Atm there is only one test case implemented, it's a ring of tasks. We spawn a task, it spawns one more and yields, the next one does the same, until we reach Nth task. Now we have N tasks, Nth can wake N-1, and so on, until the root task is awaken, the root one wakes Nth. It's a ring. This test case is clearly synthetic and measures only a direct impact of synchronization.
This are some preliminary results I got on my macbook, so they should be taken with a grain of salt. (format: chain_$(number_oftasks)$(iterations)
test cases::ring::benches::crossbeam_unbound::chain_1000_1000 ... bench: 127,900,222 ns/iter (+/- 5,888,378)
test cases::ring::benches::crossbeam_unbound::chain_100_1 ... bench: 63,614 ns/iter (+/- 13,183)
test cases::ring::benches::crossbeam_unbound::chain_100_100 ... bench: 1,351,176 ns/iter (+/- 225,975)
test cases::ring::benches::crossbeam_unbound::chain_10_1 ... bench: 7,353 ns/iter (+/- 1,100)
test cases::ring::benches::crossbeam_unbound::chain_1_1 ... bench: 2,220 ns/iter (+/- 416)
test cases::ring::benches::crossbeam_unbound::chain_1_10 ... bench: 4,804 ns/iter (+/- 579)
test cases::ring::benches::crossbeam_unbound::chain_1_100 ... bench: 28,372 ns/iter (+/- 4,748)

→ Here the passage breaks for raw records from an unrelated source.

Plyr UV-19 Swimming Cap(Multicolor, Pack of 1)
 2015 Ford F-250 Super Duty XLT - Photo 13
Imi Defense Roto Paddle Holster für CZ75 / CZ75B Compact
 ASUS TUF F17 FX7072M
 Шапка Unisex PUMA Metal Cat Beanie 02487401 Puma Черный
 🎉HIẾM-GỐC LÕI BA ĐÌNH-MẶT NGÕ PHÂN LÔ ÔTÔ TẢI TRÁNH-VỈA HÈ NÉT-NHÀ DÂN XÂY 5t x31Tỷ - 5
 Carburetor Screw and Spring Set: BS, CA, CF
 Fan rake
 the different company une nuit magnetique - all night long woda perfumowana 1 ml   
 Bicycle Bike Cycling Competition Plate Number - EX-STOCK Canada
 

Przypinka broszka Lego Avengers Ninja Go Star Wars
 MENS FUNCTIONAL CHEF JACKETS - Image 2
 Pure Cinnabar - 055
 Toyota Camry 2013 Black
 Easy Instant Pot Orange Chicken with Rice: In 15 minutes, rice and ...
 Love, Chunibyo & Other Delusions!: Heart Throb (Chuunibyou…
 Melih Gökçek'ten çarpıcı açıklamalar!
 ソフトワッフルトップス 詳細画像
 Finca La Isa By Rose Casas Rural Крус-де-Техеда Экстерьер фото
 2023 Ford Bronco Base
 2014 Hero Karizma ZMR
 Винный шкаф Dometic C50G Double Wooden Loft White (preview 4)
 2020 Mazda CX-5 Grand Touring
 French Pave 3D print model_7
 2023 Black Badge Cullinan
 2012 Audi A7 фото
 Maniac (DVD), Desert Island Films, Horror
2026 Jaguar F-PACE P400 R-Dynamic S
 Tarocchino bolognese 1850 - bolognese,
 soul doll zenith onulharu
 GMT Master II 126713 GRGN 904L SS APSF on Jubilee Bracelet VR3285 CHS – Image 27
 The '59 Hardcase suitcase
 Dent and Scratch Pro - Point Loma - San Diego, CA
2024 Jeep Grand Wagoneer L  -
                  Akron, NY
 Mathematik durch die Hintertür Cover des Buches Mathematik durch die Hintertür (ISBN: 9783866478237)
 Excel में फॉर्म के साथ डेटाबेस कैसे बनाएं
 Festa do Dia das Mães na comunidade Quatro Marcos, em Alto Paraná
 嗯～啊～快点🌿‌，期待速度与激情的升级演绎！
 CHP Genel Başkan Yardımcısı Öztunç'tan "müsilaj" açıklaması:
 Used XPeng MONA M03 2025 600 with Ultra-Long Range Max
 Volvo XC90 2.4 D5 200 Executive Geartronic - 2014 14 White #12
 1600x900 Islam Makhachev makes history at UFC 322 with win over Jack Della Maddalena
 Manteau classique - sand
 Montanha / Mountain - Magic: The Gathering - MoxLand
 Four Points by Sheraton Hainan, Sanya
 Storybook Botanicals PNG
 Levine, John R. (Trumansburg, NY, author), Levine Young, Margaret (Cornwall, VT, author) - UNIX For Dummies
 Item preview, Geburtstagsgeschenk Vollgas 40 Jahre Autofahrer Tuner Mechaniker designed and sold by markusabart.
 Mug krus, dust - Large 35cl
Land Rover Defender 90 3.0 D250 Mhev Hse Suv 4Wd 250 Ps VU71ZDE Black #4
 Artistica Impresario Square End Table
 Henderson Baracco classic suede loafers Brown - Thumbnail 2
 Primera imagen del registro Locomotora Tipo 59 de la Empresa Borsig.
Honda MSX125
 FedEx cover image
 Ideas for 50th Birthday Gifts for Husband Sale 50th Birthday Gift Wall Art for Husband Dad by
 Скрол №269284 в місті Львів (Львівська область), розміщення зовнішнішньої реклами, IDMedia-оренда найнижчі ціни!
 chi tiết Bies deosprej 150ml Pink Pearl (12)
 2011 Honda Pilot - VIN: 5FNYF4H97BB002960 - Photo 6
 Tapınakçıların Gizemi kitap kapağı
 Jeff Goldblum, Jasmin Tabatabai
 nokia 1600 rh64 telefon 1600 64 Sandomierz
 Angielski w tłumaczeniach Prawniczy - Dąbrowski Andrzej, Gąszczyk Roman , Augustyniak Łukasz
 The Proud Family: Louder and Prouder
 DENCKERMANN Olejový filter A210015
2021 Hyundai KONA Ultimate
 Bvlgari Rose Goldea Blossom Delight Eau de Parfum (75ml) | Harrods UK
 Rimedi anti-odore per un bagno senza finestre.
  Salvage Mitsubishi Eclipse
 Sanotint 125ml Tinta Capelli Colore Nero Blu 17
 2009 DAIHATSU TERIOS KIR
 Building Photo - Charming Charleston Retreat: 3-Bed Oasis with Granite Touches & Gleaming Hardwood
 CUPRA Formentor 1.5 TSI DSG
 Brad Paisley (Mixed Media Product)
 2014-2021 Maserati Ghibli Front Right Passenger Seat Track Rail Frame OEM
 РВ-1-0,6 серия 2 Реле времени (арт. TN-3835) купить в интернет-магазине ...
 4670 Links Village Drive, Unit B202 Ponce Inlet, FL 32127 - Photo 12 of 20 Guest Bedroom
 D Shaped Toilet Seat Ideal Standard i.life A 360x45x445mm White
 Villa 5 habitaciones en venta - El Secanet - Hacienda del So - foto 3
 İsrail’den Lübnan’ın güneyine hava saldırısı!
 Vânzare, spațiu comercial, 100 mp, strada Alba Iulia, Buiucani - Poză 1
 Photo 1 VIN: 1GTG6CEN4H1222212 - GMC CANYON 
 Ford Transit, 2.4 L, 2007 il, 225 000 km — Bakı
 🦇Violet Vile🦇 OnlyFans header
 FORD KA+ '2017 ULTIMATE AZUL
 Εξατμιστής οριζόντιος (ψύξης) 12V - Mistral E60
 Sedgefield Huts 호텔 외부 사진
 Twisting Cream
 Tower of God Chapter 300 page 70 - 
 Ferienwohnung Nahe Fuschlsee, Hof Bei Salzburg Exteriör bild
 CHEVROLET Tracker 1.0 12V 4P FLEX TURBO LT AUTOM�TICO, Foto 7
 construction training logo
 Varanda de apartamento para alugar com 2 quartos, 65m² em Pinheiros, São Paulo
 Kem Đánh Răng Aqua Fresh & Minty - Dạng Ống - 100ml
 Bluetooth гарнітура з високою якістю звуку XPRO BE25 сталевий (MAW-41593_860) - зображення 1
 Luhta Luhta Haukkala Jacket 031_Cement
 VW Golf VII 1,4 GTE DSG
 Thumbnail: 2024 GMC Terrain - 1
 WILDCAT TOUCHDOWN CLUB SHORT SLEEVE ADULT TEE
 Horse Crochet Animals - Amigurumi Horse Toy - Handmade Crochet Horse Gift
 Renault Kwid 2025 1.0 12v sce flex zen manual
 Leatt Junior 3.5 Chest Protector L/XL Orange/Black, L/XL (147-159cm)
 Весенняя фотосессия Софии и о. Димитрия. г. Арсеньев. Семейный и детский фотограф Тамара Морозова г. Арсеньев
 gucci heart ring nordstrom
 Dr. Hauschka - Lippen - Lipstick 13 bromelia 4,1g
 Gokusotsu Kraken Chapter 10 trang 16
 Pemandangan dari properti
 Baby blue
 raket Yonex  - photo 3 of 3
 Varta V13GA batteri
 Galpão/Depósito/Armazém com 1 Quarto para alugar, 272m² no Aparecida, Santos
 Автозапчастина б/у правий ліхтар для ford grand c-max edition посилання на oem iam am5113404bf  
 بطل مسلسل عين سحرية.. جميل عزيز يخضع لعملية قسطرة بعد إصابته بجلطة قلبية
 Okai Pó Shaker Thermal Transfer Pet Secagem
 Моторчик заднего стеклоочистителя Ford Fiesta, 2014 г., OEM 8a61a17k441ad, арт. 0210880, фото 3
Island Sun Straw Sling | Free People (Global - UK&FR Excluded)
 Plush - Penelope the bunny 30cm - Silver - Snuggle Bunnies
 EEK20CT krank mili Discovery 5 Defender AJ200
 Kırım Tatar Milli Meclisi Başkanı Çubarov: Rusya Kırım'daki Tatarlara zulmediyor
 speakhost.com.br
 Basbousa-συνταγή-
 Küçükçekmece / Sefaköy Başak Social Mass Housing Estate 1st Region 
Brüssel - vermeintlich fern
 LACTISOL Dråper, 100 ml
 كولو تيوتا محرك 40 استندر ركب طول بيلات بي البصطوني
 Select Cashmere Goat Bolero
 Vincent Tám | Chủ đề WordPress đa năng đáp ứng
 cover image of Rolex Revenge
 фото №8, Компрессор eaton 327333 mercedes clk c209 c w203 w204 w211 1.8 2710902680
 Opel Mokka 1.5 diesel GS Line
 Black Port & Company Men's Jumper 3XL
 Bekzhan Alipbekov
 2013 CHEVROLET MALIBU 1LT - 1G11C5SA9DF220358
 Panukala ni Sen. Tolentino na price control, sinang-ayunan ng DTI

test cases::ring::benches::tls_unsafe::chain_1000_1000 ... bench: 77,846,215 ns/iter (+/- 3,983,351)
test cases::ring::benches::tls_unsafe::chain_100_1 ... bench: 39,538 ns/iter (+/- 7,479)
test cases::ring::benches::tls_unsafe::chain_100_100 ... bench: 782,045 ns/iter (+/- 124,286)
test cases::ring::benches::tls_unsafe::chain_10_1 ... bench: 4,634 ns/iter (+/- 519)
test cases::ring::benches::tls_unsafe::chain_1_1 ... bench: 1,057 ns/iter (+/- 312)
test cases::ring::benches::tls_unsafe::chain_1_10 ... bencah: 2,427 ns/iter (+/- 403)
test cases::ring::benches::tls_unsafe::chain_1_100 ... bench: 17,500 ns/iter (+/- 2,688)
To make something actionable out of benchmarks:
I'm going to continue working on this as time allows. Ideas, suggestions, code reviews and PRs are very welcomed.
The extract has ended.